__What is being asked__: Copy the lines below as they are; omit the images they contain.

__Source material__:
-- -- --

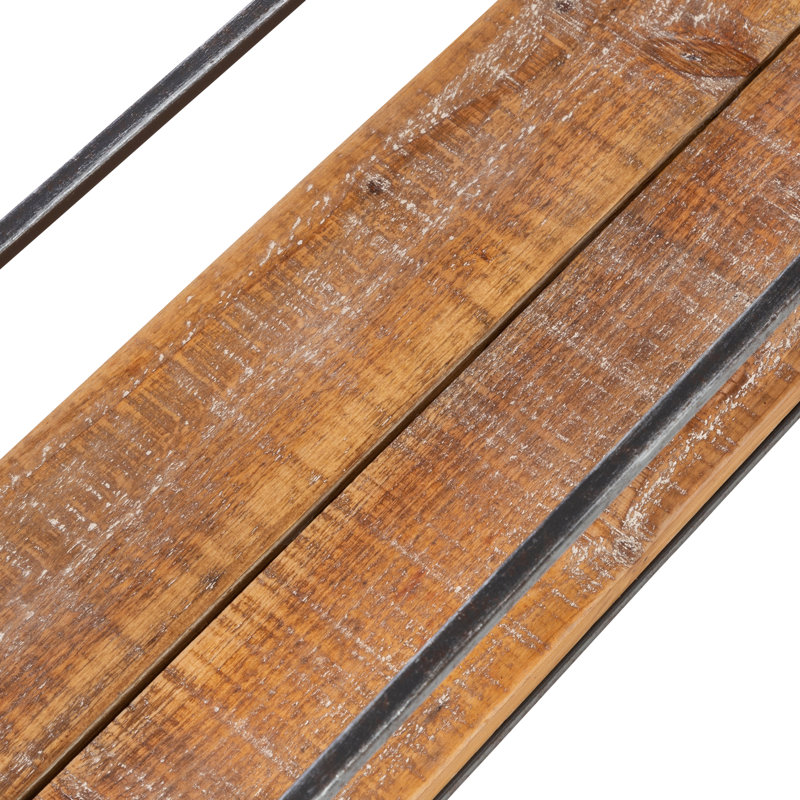 2 Piece Metal Floating Shelf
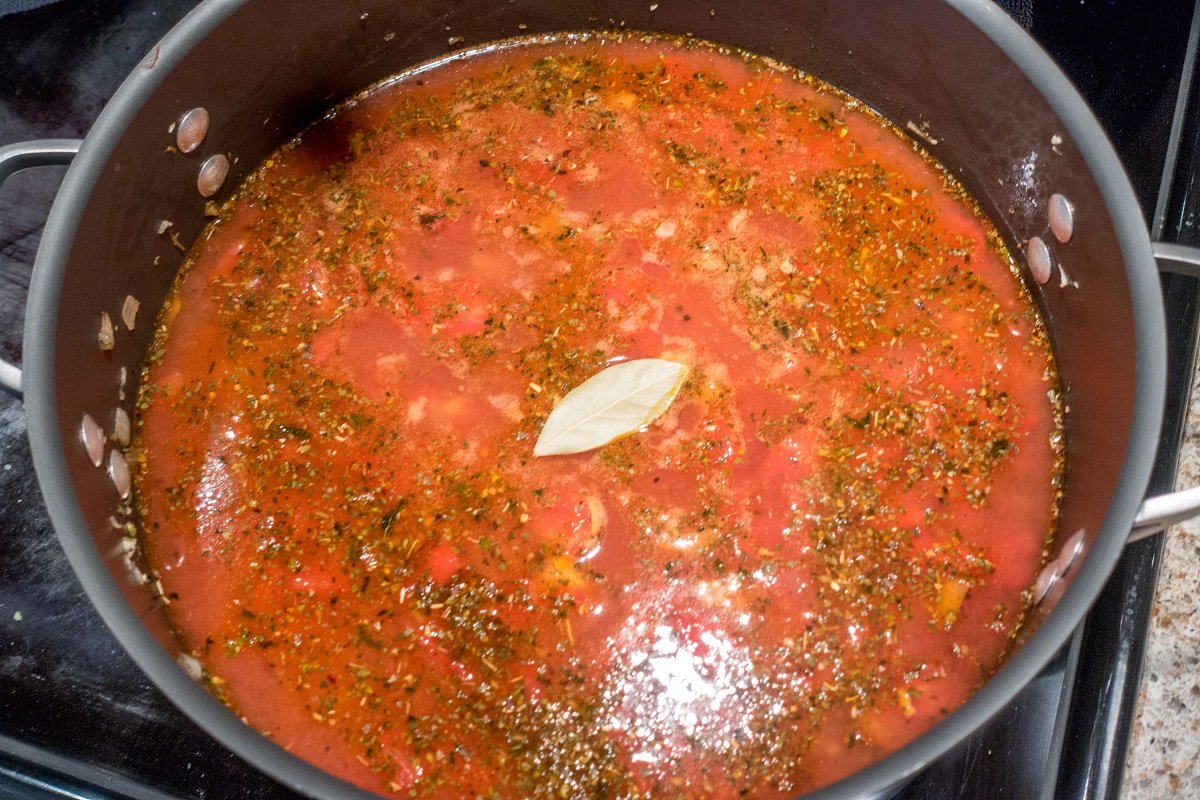 Simmer your lasagna soup with a bay leaf for great Italian flavor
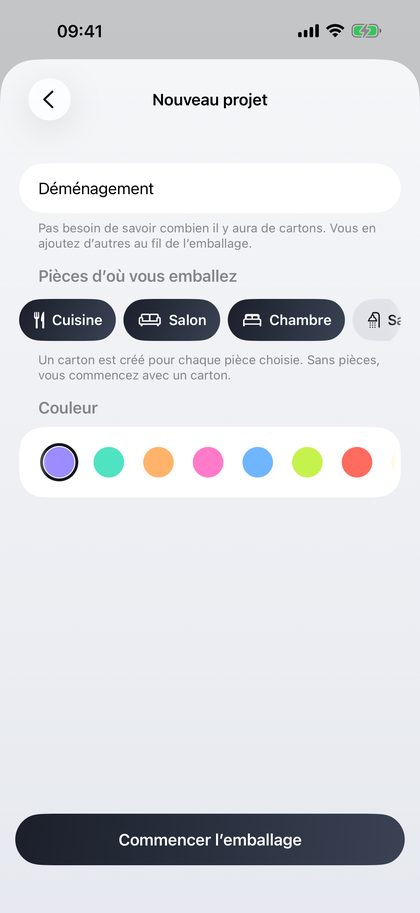 Créez un projet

-- -- --

__Response to this task__:
 2 Piece Metal Floating Shelf
 Simmer your lasagna soup with a bay leaf for great Italian flavor
 Créez un projet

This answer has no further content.